··· Material provided ···

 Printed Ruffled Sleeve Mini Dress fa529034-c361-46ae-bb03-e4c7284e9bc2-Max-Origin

···
··· Material provided ···

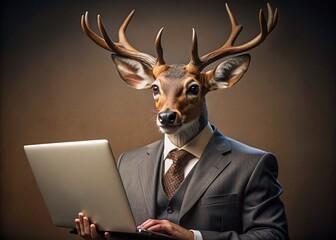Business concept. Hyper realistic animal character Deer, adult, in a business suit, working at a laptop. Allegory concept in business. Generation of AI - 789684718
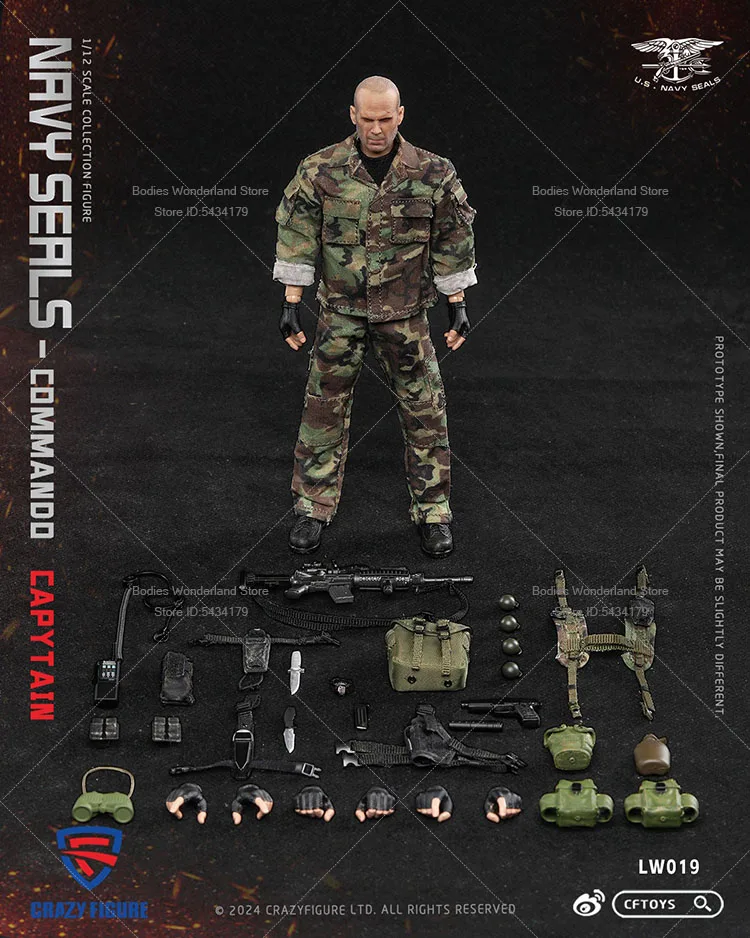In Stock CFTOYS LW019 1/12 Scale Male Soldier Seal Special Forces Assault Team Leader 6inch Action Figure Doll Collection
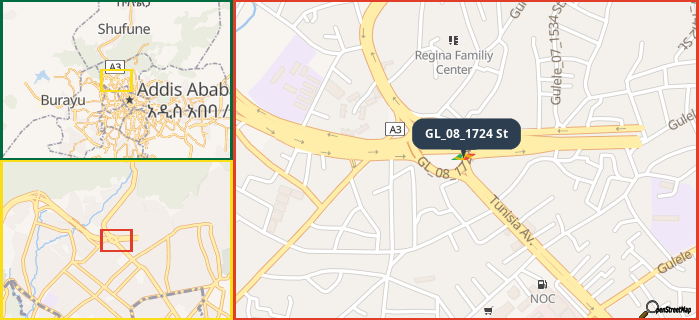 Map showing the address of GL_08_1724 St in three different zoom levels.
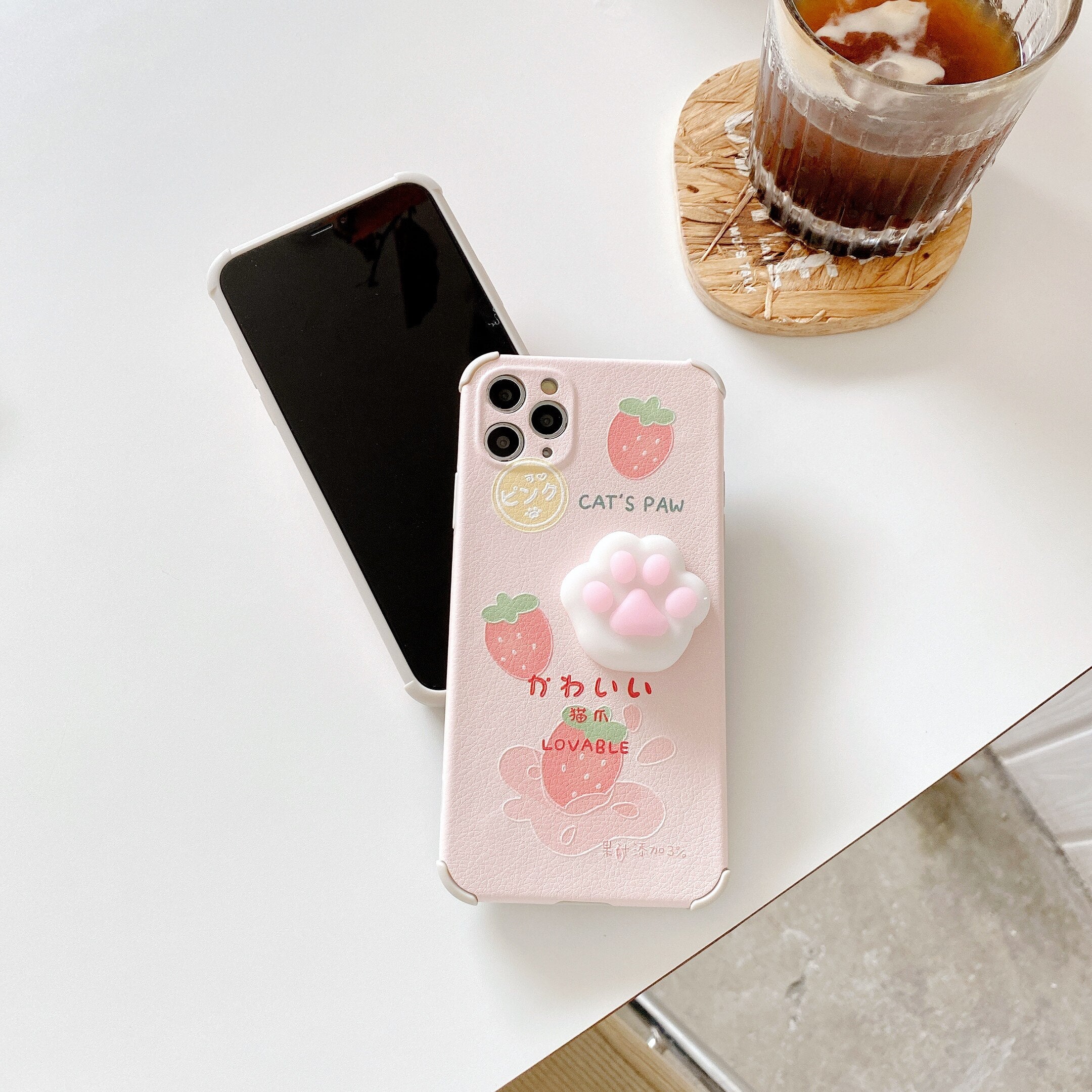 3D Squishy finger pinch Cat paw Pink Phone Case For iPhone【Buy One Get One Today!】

···
··· Material provided ···

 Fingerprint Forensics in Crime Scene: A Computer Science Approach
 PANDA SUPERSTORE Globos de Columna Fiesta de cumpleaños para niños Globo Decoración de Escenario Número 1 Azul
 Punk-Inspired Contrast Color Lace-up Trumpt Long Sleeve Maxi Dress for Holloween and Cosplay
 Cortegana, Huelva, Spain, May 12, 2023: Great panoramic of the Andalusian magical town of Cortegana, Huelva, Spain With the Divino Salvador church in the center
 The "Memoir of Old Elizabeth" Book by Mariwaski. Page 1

···

Exercise instructions — When you reach the line containing "Business concept. Hyper" in the entries above, begin restating word for word, and stop once the line containing "3D Squishy finger" has been given. Omit the pictures.

Your solution —
Business concept. Hyper realistic animal character Deer, adult, in a business suit, working at a laptop. Allegory concept in business. Generation of AI - 789684718
In Stock CFTOYS LW019 1/12 Scale Male Soldier Seal Special Forces Assault Team Leader 6inch Action Figure Doll Collection
 Map showing the address of GL_08_1724 St in three different zoom levels.
 3D Squishy finger pinch Cat paw Pink Phone Case For iPhone【Buy One Get One Today!】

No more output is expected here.